Oia – pronounced EE-yah, the O is silent – is one of the most recognizable destinations in the world and a place that always features on the first-time itineraries of the Aegean island-hopping.
The blue-domed white churches are Oia’s calling card, regularly appearing in travel publications and social media adverts. My lasting image of Oia, though, does not include a single blue dome. Instead, it is this tangle of white, beige, yellowish and even reddish-colored caskets of buildings taking up every habitable inch of the side of the mountain.
The church at the top of the perspective is one of the very few that do not sport a blue dome. Our apartment was located right next to it, and the windmill in the top center should already be familiar to you from our sunset viewing.
Here is what that windmill looks like in the early morning.
A roughly opposite perspective to the opening shot takes in a few of the famous blue caps.
Santorini is an unusually-shaped body of land which is technically the remaining rim of the volcano that last erupted over 3,500 years ago. Oia is located on the northern side of the caldera, at its westernmost point. This following perspective, originally meant to highlight the Byzantine castle ruins at the edge of the village, is more interesting for the glimpse of the caldera in the background.
And here is one of the world-famous blue-domed churches up close.
There are nearly 400 churches on an island with the permanent population of just over eighteen thousand people. The vast majority of them are white with blue caps. Google Maps nowadays mark a photographic point of “the famous church in Oia”, but the truth is that at least half a dozen churches on the central slopes of the village can pass for its most photographed sight.

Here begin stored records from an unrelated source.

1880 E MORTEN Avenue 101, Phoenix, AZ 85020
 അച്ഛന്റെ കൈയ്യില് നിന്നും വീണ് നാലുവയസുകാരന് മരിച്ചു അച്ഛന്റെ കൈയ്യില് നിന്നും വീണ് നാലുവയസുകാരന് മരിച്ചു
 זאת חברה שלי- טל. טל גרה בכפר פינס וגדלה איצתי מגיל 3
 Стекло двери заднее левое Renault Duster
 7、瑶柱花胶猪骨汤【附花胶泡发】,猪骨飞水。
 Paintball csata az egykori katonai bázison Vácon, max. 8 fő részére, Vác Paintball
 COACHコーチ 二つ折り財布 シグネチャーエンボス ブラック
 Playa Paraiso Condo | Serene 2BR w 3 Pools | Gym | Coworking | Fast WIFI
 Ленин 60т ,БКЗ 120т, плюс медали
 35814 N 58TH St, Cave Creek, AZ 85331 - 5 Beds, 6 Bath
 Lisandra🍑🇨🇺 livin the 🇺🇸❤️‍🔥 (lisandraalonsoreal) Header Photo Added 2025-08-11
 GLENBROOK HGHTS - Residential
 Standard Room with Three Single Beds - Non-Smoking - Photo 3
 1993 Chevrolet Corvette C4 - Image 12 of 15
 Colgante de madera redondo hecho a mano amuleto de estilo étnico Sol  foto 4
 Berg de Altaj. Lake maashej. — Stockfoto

A non-trivial proportion of these churches are private, accessible only to the members (or guests) of a single family. Building your own private church has long been a show of wealth throughout the Greek Isles and on the mainland.
Among the publicly-accessible churches in Oia, the yellow-façade Saint-George is the prime location for weddings, especially popular with well-heeled visitors from the Orient.
As it happened, we walked up to the church on one of our days in Oia and were turned out on the account of a wedding in progress.
The main pedestrian street in Oia at its most congested stretch is rather commercial, as behooves a tourist magnet. Jewelry shops, art galleries, and clothing brands predominate, and of course souvenir shops.
A long staircase leads from the top of the village down to Ammoudi Bay, which is reputedly both beautiful in its own right and a location for one or two superb restaurants. A mule-riding service is on hand to help tourists climb back to Oia.
We neither made the trip on mules or on foot.
It may not be obvious from the way I take and present my photos, but Oia is awfully overcrowded in season. The best time to enjoy its scenery is in the early morning, when you will only be sharing its paths and stairways with a couple of dozen of similarly dedicated photographers and, in cases of the wedding album works in progress, their clients.
Here is an assortment of early-morning perspectives of Oia.
A few other fragments.
And, of course, what romantic destination can nowadays exist without collecting love locks at one place or another!? In Oia, though, a ribbon may suffice.
Unquestionably a kind of a picturesque destination that is nearly impossible to omit from a must-see list, Oia.